Sequential decision making with feature-linear models
This thesis is concerned with the problem of sequential decision making, where an agent interacts sequentially with an unknown environment and aims to maximise the sum of the rewards it receives. Our focus is on methods that model the reward as linear in some feature space. We consider a bandit problem, where the rewards are linear in a reproducing kernel Hilbert space, and a reinforcement learning setting with features given by a neural network. The thesis is split into two parts accordingly.
In part I, we introduce a new algorithm for the optimisation of continuous functions with a known number of derivatives under noisy bandit feedback. The algorithm, Partitioned GP-UCB, combines ideas from classic kernel-based bandit algorithms and hierarchical optimisation methods to provide near-tight confidence intervals and strong guarantees on computational complexity. As part of our analysis, we develop a novel bound on the effective dimension of kernel ridge regression with the Matérn kernel with respect to the volume of the domain.
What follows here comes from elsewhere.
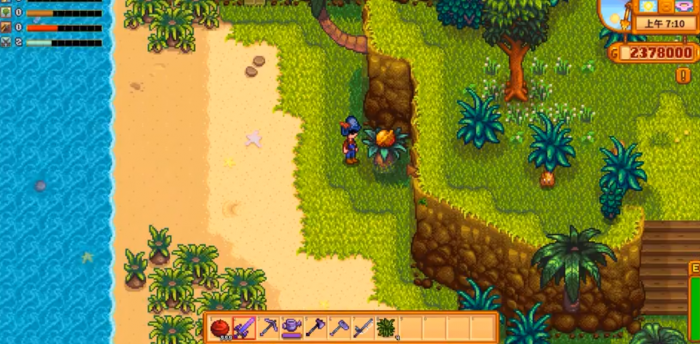 星露谷物语姜岛金核桃任务如何完成_星露谷物语姜岛金核桃位置 星露谷物语姜岛金核桃任务如何完成_星露谷物语姜岛金核桃位置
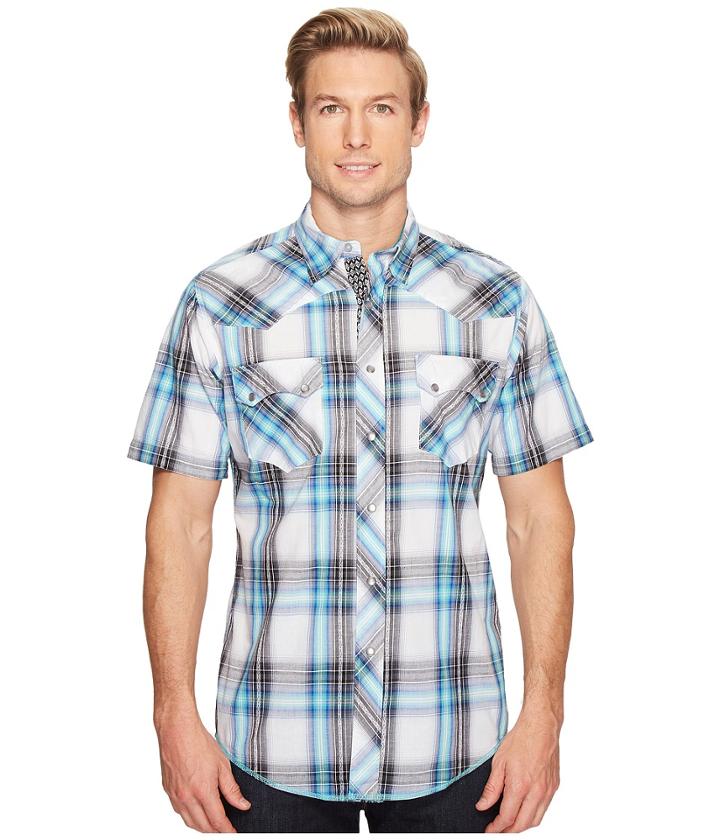 Roper - 0849 Aviator Plaid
Part I is mainly concerned with the derivation of this bound.
In part II we tackle practical exploration in deep reinforcement learning, with a focus on methods that combine linear uncertainty estimates with feature embeddings given by deep Q-function networks. We observe a flaw within previous such work: while these methods enforce a temporal difference relationship on the mean state-action values given by the linear model, they do not constrain its inputs---the neural network embeddings---and these determine the uncertainty estimates of linear models. We show that such embeddings need to follow a certain successor feature structure and develop a model based on this insight: Successor Uncertainties. We demonstrate that our model is capable of solving hard tabular exploration challenges and that it scales to the Atari Learning Environment, where it attains strong scores relative to competing methods.